## INFORMATION SUPPLIED
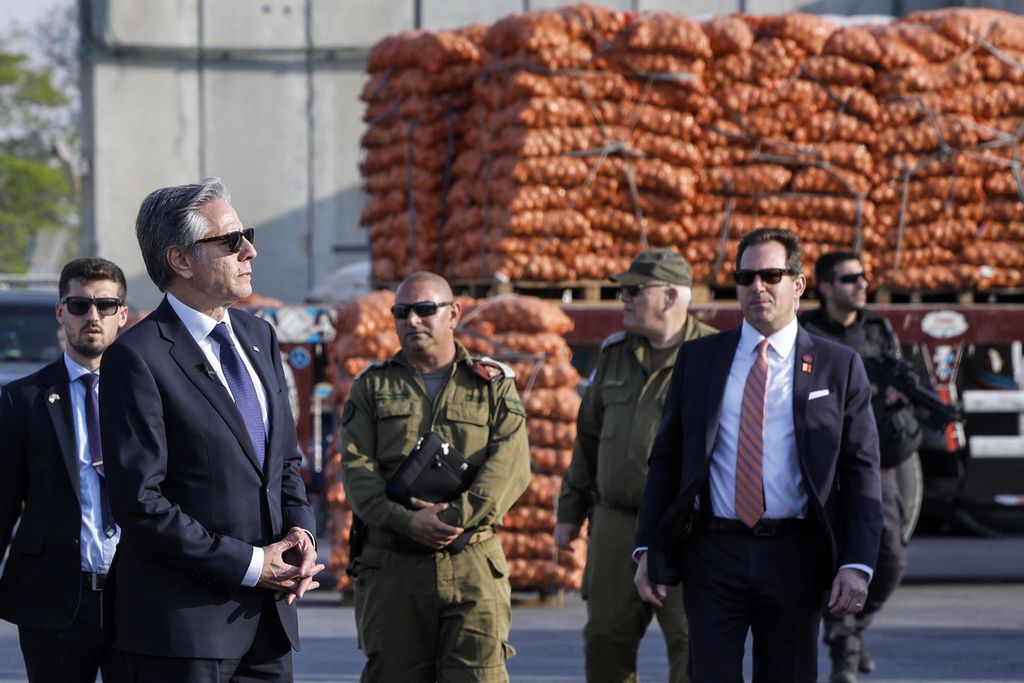 Menteri Luar Negeri AS Antony Blinken (kiri) melihat perbatasan Kerem Shalom dengan Jalur Gaza di Israel selatan pada 1 Mei 2024. 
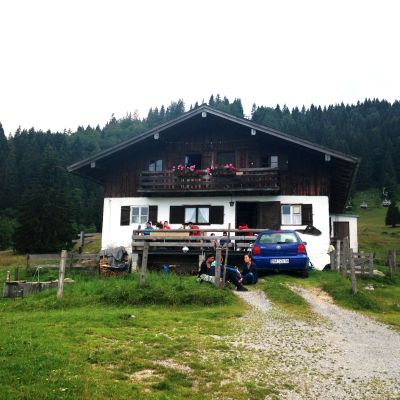Alm-Besuch zum Käsen in Grafenherberg.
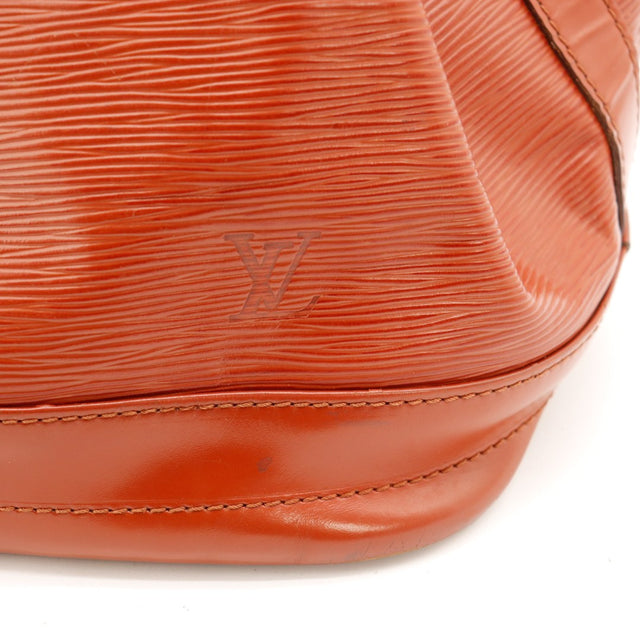 Detail coin inferieur Louis Vuitton Noe Epi Marron frottements occasion — AMANA Vintage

## AIM OF THE EXERCISE
Each line of the data above must be reproduced as written. Skip the pictures.

## EXERCISE RESPONSE
 Menteri Luar Negeri AS Antony Blinken (kiri) melihat perbatasan Kerem Shalom dengan Jalur Gaza di Israel selatan pada 1 Mei 2024. 
Alm-Besuch zum Käsen in Grafenherberg.
 Detail coin inferieur Louis Vuitton Noe Epi Marron frottements occasion — AMANA Vintage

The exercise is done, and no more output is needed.